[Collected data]
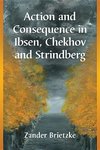 Brietzke, Z:  Action and Consequence in Ibsen, Chekhov and S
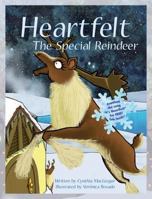 Heartfelt, the Special Reindeer 1943515948 Book Cover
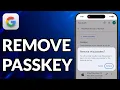 How To Remove Passkey From Google Account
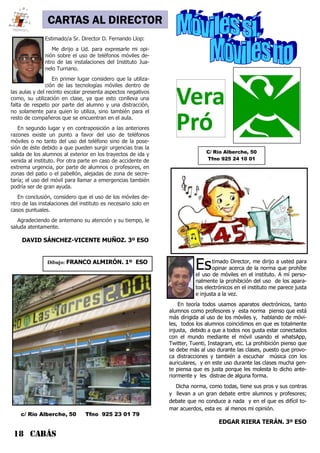 18 CABÁS
CARTAS AL DIRECTOR
Estimado Director, me dirijo a usted para
opinar acerca de la norma que prohíbe
el uso de móviles en el instituto. A mí perso-
nalmente la prohibición del uso de los apara-
tos electrónicos en el instituto me parece justa
e injusta a la vez.
En teoría todos usamos aparatos electrónicos, tanto
alumnos como profesores y esta norma pienso que está
más dirigida al uso de los móviles y, hablando de móvi-
les, todos los alumnos coincidimos en que es totalmente
injusta, debido a que a todos nos gusta estar conectados
con el mundo mediante el móvil usando el whatsApp,
Twitter, Tuenti, Instagram, etc. La prohibición pienso que
se debe más al uso durante las clases, puesto que provo-
ca distracciones y también a escuchar música con los
auriculares, y en este uso durante las clases mucha gen-
te piensa que es justa porque les molesta lo dicho ante-
riormente y les distrae de alguna forma.
Dicha norma, como todas, tiene sus pros y sus contras
y llevan a un gran debate entre alumnos y profesores;
debate que no conduce a nada y en el que es difícil to-
mar acuerdos, esta es al menos mi opinión.
EDGAR RIERA TERÁN. 3º ESO
Estimado/a Sr. Director D. Fernando Llop:
Me dirijo a Ud. para expresarle mi opi-
nión sobre el uso de teléfonos móviles de-
ntro de las instalaciones del Instituto Jua-
nelo Turriano.
En primer lugar considero que la utiliza-
ción de las tecnologías móviles dentro de
las aulas y del recinto escolar presenta aspectos negativos
como, su utilización en clase, ya que esto conlleva una
falta de respeto por parte del alumno y una distracción,
no solamente para quien lo utiliza, sino también para el
resto de compañeros que se encuentran en el aula.
En segundo lugar y en contraposición a las anteriores
razones existe un punto a favor del uso de teléfonos
móviles o no tanto del uso del teléfono sino de la pose-
sión de éste debido a que pueden surgir urgencias tras la
salida de los alumnos al exterior en los trayectos de ida y
venida al instituto. Por otra parte en caso de accidente de
extrema urgencia, por parte de alumnos o profesores, en
zonas del patio o el pabellón, alejadas de zona de secre-
taría; el uso del móvil para llamar a emergencias también
podría ser de gran ayuda.
En conclusión, considero que el uso de los móviles de-
ntro de las instalaciones del instituto es necesario solo en
casos puntuales.
Agradeciendo de antemano su atención y su tiempo, le
saluda atentamente.
DAVID SÁNCHEZ-VICENTE MUÑOZ. 3º ESO
C/ Río Alberche, 50
Tfno 925 24 10 01
c/ Río Alberche, 50 Tfno 925 23 01 79
Dibujo: FRANCO ALMIRÓN. 1º ESO
 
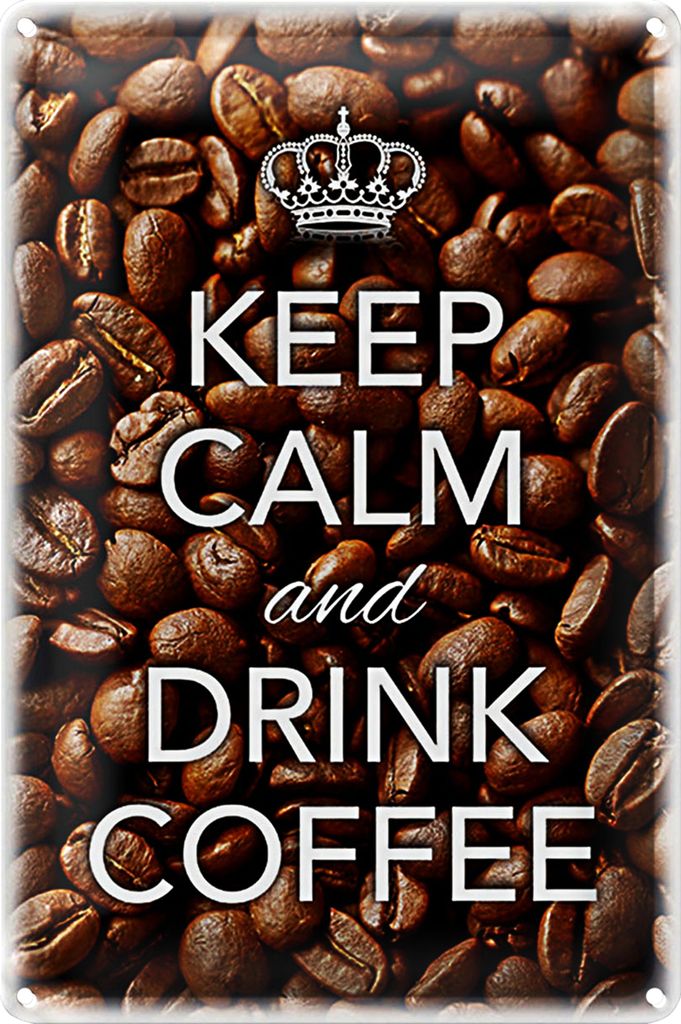 Blechschild Spruch 20x30cm Keep Calm and drink Coffee Kaffee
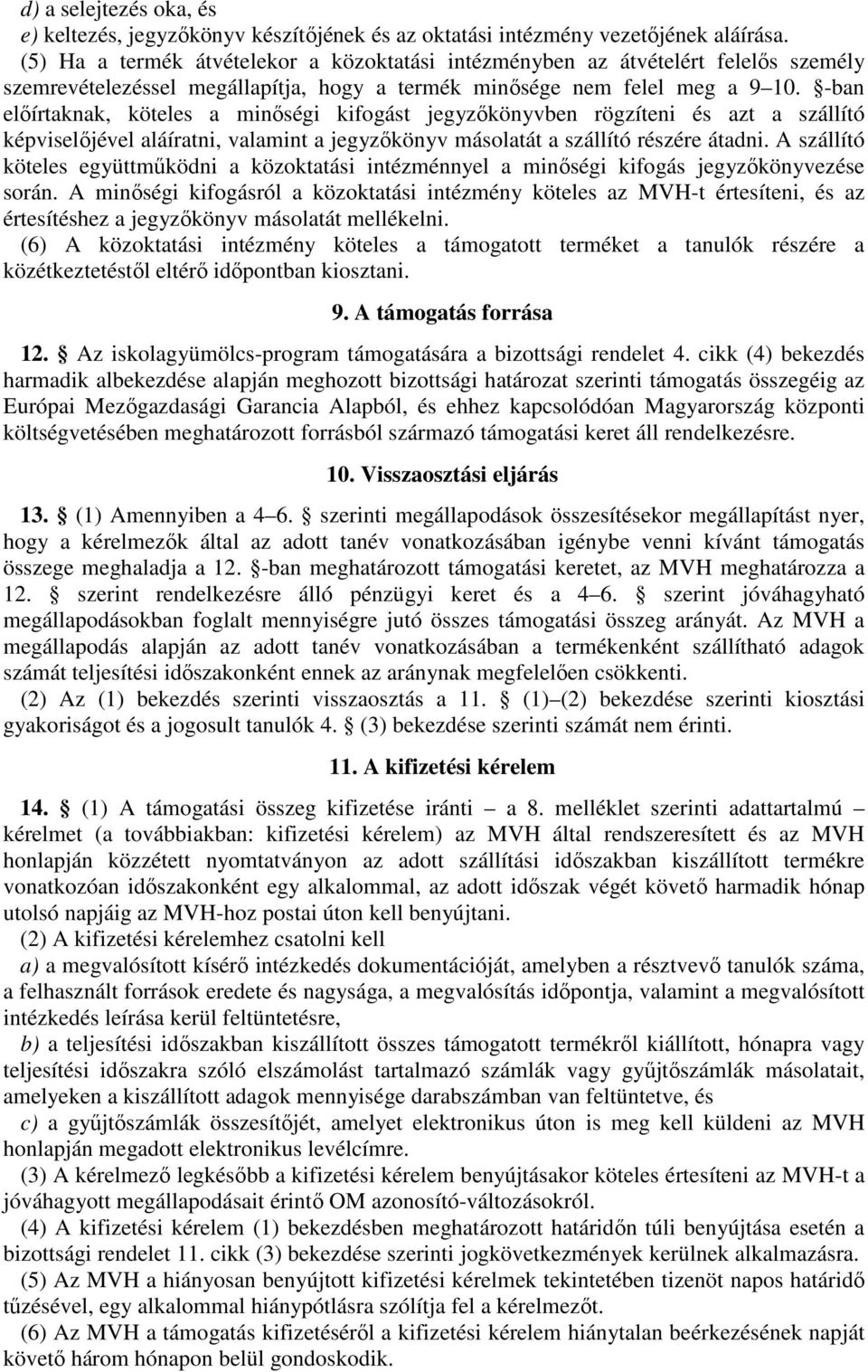 -ban előírtaknak, köteles a minőségi kifogást jegyzőkönyvben rögzíteni és azt a szállító képviselőjével aláíratni, valamint a jegyzőkönyv másolatát a szállító részére átadni.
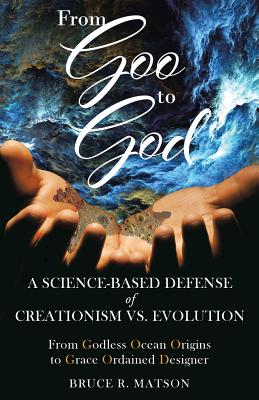 From Goo to God: A Science-Based Defense of Creationism vs. Evolution Cover Image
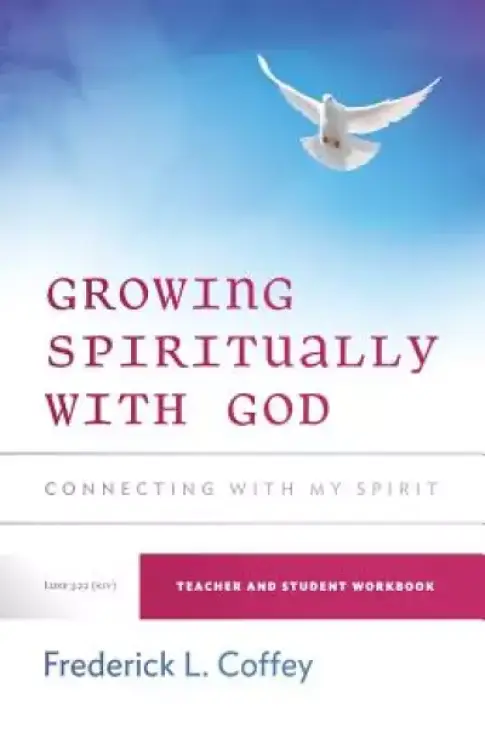 Growing Spiritually With God: Connecting With My Spirit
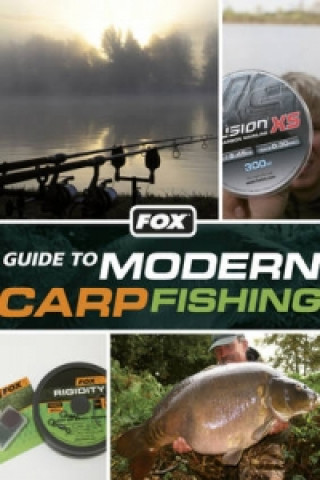 Könyv Fox Guide to Modern Carp Fishing 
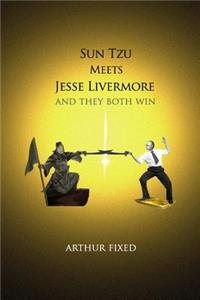 Sun Tzu Meets Jesse Livermore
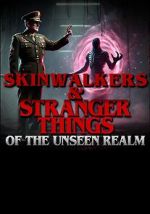 Watch Skinwalkers and Stranger Things of the Unseen Realm Zoechip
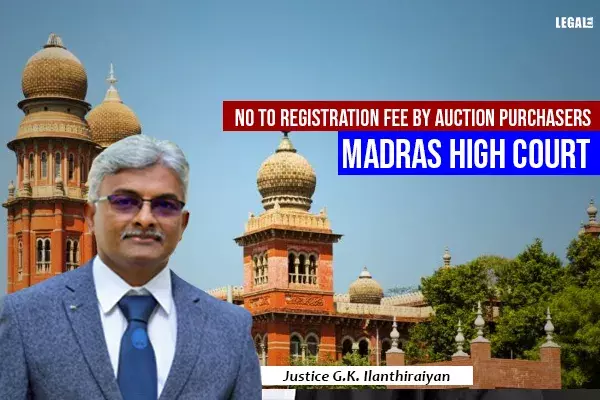 No to registration fee by auction purchasers: Madras High Court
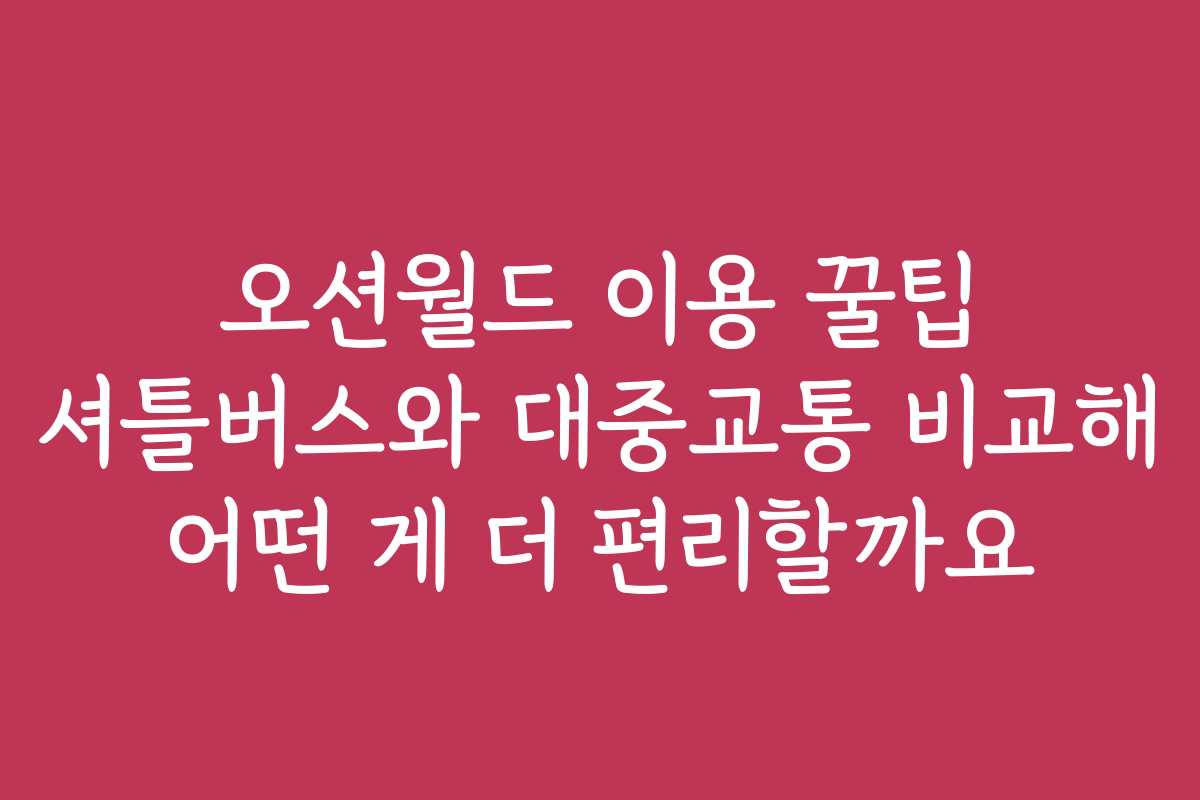 오션월드 이용 꿀팁 셔틀버스와 대중교통 비교해 어떤 게 더 편리할까요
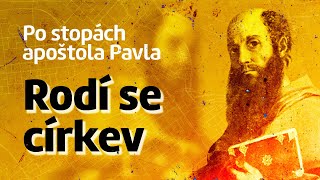 Po stopách apoštola Pavla (6/20) - Rodí se církev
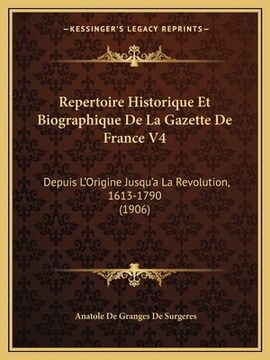 portada Repertoire Historique Et Biographique De La Gazette De France V4: Depuis L'Origine Jusqu'a La Revolution, 1613-1790 (1906) (en Francés)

EXERCISE GOAL
Copy the records above exactly, beginning at the line that contains "Me dirijo a Ud." and stopping after the line that contains "las aulas y".

EXERCISE RESULT
Me dirijo a Ud. para expresarle mi opi-
nión sobre el uso de teléfonos móviles de-
ntro de las instalaciones del Instituto Jua-
nelo Turriano.
En primer lugar considero que la utiliza-
ción de las tecnologías móviles dentro de
las aulas y del recinto escolar presenta aspectos negativos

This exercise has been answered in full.